March 2, 2016

California Court of Appeal Continues to Narrow “Other Insurance” Clauses

In a ruling that should help policyholders secure defense funding, the California Court of Appeal issued another opinion limiting the application of “other insurance” clauses in commercial general liability policies. In Underwriters of Interest Subscribing to Policy No. A15274001 v. ProBuilders Specialty Insurance Co., 241 Cal. App. 4th 721 (2015) review denied (Feb. 3. 2016), the court refused to enforce an insurer’s “other insurance” clause and permitted a co-insurer to seek equitable contribution of defense costs that it paid to defend a mutual insured.

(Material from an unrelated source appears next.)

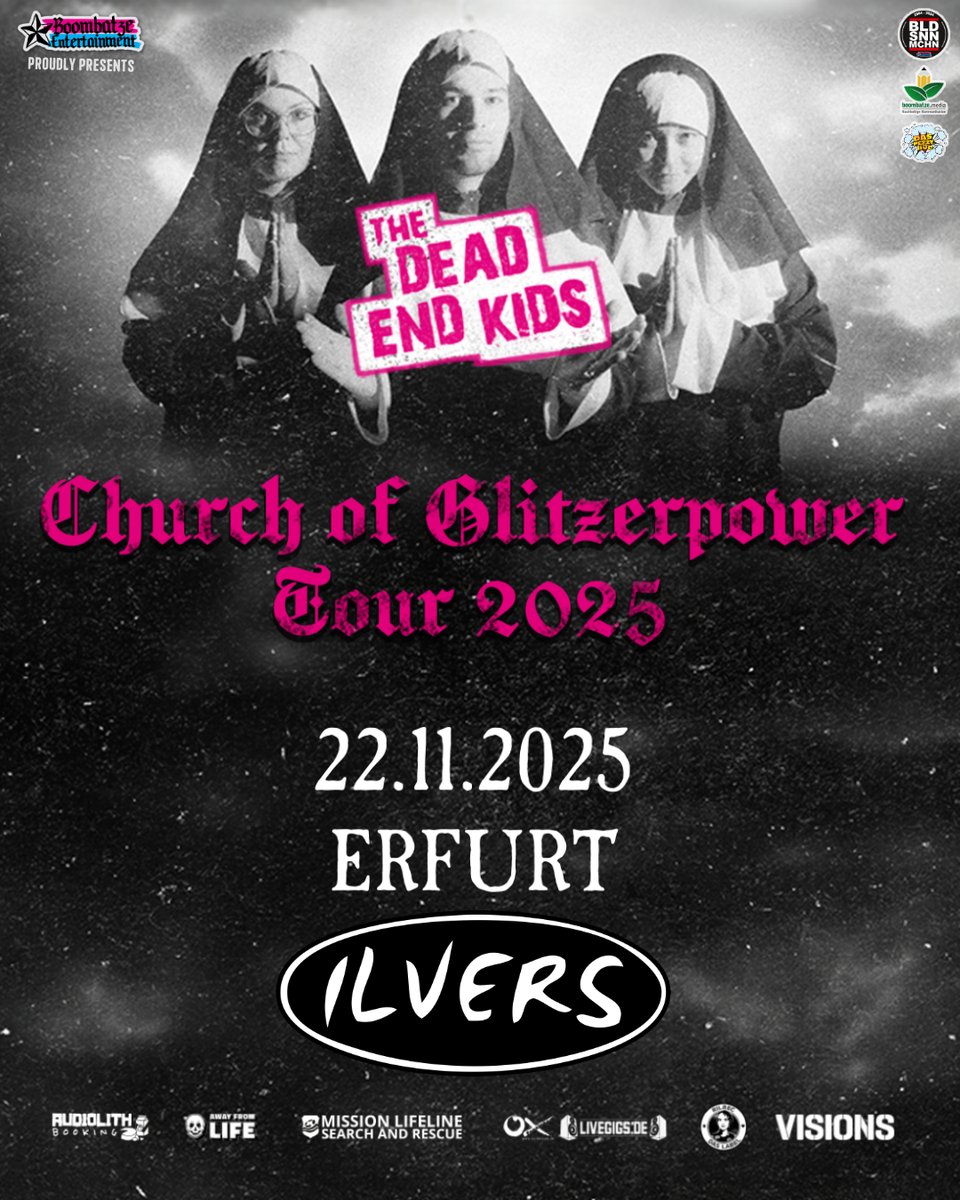 Boombatze's tweet photo. ✨💥 #GLITZERPOWERPUNK IN YOUR FACE! 💥✨
#TheDeadEndKids kommen mit neuer Platte #ThePowerOfNow (VÖ 26.09.) ins #Ilvers!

In reaching this conclusion, ProBuilders explained that the trend among California courts is to prevent insurers from using “other insurance” clauses to “evade their obligations by shifting the entire burden associated with defending and indemnifying a mutual insured onto a coinsurer.” Id. at 730. The court saw no reason to buck the trend here, particularly when the policies issued by ProBuilders– the non-defending insurer–and those issued by Underwriters–the defending insurer– covered different policy periods. The court explained that because the insured faced liability for a continuing and progressive injury, which potentially stretched over multiple policy periods, “giving effect to [ProBuilders’] ‘other insurance’ provision, in the nature of an escape clause, would result in imposing on Underwriters the burden of shouldering that portion of the defense costs attributable to claims arising from a time when ProBuilders was the only liability insurer” providing coverage. Id. at 732 (emphasis in original). The court also rejected ProBuilders’ argument that its failure to defend was essentially harmless because the insured was not left defenseless. The Page 1 of 2 court explained that the case law cited by ProBuilders did not stand for this proposition and any language to the contrary was dicta.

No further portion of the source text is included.